Fascinating article in yesterday's NY Times: a study of over 1.6 million putts made by professional golfers shows that the pros are slightly more likely to make a par putt than to make a birdie putt of identical length. The study's authors believe that the data demonstrate the psychological phenomenon of "loss aversion": golfers try harder on par putts because they don't want to lose a stroke to par; whereas on birdie putts they have the psychological comfort of knowing that if they miss they can still make par.
The study is fascinating because it shows golfers acting irrationally. The golfer's goal is to do as well as possible in the tournament, and this goal is backed up by a large financial incentive. Whether a stroke is for birdie or par is irrelevant to the golfer's best strategy for the stroke. The study controlled for relevant factors, such as the golfer's current position in the tournament or the number of holes remaining.
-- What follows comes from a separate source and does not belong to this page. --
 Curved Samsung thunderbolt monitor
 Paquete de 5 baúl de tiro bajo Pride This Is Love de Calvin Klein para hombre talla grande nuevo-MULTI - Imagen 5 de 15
But the number of strokes taken on the hole so far and the relationship between that number and par are irrelevant -- a stroke is a stroke whether it's for birdie, par, or double bogey.
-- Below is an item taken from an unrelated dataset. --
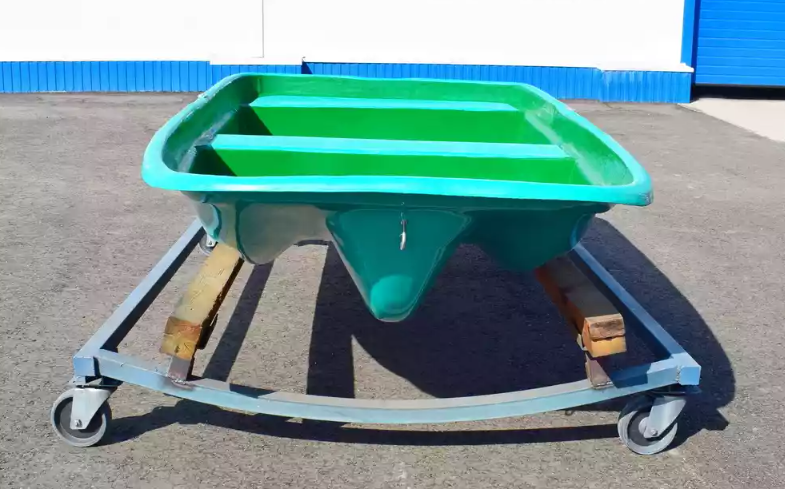 Стеклопластиковая лодка Старт (тримаран) в Пятигорске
One expects casual players to make strategic misjudgments, just as a casual poker player will fall for the "sunk cost" fallacy and tend to stay in a pot to "protect" the amount he's bet so far, even though paying attention to that irrelevant figure may cause him to throw good money after bad. But professional poker players should be keenly aware of and should know how to avoid that error. Similarly, economists would predict that, with the big sums at stake, professional golfers would act rationally and learn to overcome the psychological pressures identified in this study. But they apparently don't. Humans befuddle economists again.